Berawal dari Broken Home, Luapkan Perasaan dengan Menulis Puisi
Berawal dari senang menulis puisi, Nurani Soyomukti, warga Desa Margomulyo, Kecamatan Watulimo, Trenggalek, berhasil mengeluarkan dua belas buku. Bagaimana perjalanan pemuda usia 29 tahun itu hingga memantapkan hati menjadi penulis?
Dua hari lalu, bertempat di aula STKIP PGRI Trenggalek, Nurani didampingi dua pembicara lain. Yaitu Mamik Nuriyah yang juga penulis, serta Suparlan (Kasi Kebudayaan Dinas Pemuda, Olahraga, Pariwisata dan Kebudayaan Trenggalek).
Ketiganya terlihat gayeng menghadapi mahasiswa dalam acara ngaji buku berjudul Memahami Filsafat Cinta dengan tema Menggugat Cinta Palsu, Mewujudkan Cinta Sejati. Buku tersebut merupakan buku ketujuh Nurani yang diterbitkan pada Juni 2008 lalu.
“Buku ini sempat tidur selama lima tahun. Isinya memang agak sentimentil, dengan landasan filasafat yang sampai sekarang sebenarnya saya masih mencari-cari,” kata alumnus Hubungan Internasional (HI) Universitas Negeri Jember ini.
Dalam buku setebal 169 halaman tersebut, Nurani mengulas tentang cinta lewat kajian secara plural. Ada cinta antara dua jenis kelamin manusia sampai kajian cinta lewat perspektif sosial dan pandangan filsafat. “Cinta bagi saya hanyalah sebuah kata.
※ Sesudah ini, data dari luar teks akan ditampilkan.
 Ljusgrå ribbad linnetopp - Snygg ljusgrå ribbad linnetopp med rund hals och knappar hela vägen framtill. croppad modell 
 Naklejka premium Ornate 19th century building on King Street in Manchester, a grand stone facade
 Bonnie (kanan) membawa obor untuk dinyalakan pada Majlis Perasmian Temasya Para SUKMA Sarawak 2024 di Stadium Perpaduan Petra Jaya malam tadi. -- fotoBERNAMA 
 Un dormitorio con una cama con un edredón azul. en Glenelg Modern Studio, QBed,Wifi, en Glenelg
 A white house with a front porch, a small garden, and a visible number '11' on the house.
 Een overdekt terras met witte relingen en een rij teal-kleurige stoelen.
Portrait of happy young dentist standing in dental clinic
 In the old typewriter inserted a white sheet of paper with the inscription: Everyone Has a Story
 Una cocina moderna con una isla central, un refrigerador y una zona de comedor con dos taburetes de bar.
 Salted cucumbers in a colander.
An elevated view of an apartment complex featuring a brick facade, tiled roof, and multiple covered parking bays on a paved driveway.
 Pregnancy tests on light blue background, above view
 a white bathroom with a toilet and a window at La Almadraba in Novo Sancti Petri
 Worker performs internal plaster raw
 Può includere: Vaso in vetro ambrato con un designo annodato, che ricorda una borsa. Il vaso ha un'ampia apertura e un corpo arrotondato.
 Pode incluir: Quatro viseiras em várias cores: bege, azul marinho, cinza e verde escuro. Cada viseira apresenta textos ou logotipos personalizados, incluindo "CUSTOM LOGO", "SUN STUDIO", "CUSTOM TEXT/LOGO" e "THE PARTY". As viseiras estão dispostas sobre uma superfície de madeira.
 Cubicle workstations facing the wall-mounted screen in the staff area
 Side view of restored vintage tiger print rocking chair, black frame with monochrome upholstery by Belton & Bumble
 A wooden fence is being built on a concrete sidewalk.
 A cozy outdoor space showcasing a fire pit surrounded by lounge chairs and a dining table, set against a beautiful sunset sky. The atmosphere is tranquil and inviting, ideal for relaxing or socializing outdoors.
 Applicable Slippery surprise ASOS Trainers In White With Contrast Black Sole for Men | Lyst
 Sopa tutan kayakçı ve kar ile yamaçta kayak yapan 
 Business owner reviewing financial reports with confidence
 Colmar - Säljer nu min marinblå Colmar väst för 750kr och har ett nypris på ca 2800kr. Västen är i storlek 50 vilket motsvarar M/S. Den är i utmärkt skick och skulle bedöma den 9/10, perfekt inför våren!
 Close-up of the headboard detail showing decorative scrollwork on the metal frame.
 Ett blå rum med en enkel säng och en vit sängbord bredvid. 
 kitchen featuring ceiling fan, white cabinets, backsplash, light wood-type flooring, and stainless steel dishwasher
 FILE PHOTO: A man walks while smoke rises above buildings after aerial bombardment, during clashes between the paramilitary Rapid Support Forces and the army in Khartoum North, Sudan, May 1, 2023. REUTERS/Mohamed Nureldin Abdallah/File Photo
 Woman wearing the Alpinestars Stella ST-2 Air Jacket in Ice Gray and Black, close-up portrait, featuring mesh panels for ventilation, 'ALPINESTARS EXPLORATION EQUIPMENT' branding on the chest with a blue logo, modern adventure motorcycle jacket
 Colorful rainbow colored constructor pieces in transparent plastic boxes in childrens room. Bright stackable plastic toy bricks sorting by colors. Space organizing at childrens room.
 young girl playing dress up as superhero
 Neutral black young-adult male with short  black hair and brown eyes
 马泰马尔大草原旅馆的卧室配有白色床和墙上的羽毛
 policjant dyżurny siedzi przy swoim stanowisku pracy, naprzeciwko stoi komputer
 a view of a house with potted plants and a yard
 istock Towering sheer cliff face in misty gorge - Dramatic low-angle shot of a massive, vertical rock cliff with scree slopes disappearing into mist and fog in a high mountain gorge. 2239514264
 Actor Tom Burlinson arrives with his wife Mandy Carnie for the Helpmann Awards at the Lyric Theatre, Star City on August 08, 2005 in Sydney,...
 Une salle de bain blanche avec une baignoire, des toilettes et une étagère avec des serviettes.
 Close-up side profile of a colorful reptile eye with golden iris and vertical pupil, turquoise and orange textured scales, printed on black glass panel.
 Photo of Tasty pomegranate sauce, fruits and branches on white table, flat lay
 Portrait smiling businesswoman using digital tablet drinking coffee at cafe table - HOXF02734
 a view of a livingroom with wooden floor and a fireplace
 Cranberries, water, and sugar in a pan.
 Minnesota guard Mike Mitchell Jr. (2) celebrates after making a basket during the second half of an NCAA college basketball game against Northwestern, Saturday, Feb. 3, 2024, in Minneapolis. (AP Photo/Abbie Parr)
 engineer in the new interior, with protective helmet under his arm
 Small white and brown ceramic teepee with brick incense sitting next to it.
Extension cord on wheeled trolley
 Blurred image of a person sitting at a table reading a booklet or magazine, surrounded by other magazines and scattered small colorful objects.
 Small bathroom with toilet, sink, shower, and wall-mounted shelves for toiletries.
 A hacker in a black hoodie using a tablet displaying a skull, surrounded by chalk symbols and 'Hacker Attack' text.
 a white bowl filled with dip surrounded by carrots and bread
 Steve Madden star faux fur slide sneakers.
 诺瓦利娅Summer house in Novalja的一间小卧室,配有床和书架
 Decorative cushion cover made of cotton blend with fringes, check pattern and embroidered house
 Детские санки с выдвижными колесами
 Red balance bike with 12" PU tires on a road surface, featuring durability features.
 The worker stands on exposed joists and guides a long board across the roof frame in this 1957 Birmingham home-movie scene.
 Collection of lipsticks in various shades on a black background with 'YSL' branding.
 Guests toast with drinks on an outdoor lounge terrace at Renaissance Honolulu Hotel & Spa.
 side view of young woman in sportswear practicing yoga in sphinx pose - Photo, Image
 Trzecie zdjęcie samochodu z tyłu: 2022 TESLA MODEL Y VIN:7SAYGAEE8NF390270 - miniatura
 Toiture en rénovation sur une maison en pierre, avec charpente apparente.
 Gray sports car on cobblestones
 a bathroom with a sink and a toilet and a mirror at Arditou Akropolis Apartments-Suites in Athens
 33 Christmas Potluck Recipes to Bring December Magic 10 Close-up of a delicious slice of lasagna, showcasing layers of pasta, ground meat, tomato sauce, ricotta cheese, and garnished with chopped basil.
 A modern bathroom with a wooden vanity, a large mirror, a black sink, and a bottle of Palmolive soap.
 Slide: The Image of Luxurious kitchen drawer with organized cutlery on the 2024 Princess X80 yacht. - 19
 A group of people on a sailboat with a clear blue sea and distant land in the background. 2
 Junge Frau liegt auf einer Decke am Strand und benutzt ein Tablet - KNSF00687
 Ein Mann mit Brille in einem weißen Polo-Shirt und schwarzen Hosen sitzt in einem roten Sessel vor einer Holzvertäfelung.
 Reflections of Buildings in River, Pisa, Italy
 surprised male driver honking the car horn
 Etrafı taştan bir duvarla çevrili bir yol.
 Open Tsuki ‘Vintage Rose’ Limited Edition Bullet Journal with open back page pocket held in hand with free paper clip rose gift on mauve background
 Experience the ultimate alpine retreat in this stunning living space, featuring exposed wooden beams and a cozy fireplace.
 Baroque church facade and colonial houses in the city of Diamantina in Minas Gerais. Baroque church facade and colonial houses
Cinta sejati adalah sebuah tindakan, aksi nyata yang memunculkan produktivitas dan memberi manfaat, tidak hanya pada diri sendiri tapi juga sesama,” kata Nurani.
Begitulah diskusi yang berlangsung selama dua jam ini memberi pencerahan kepada mahasiswa. Meski akhirnya masih satu sisi saja pemahaman dari mahasiswa, jauh dari materi yang ingin disampaikan sang penulis.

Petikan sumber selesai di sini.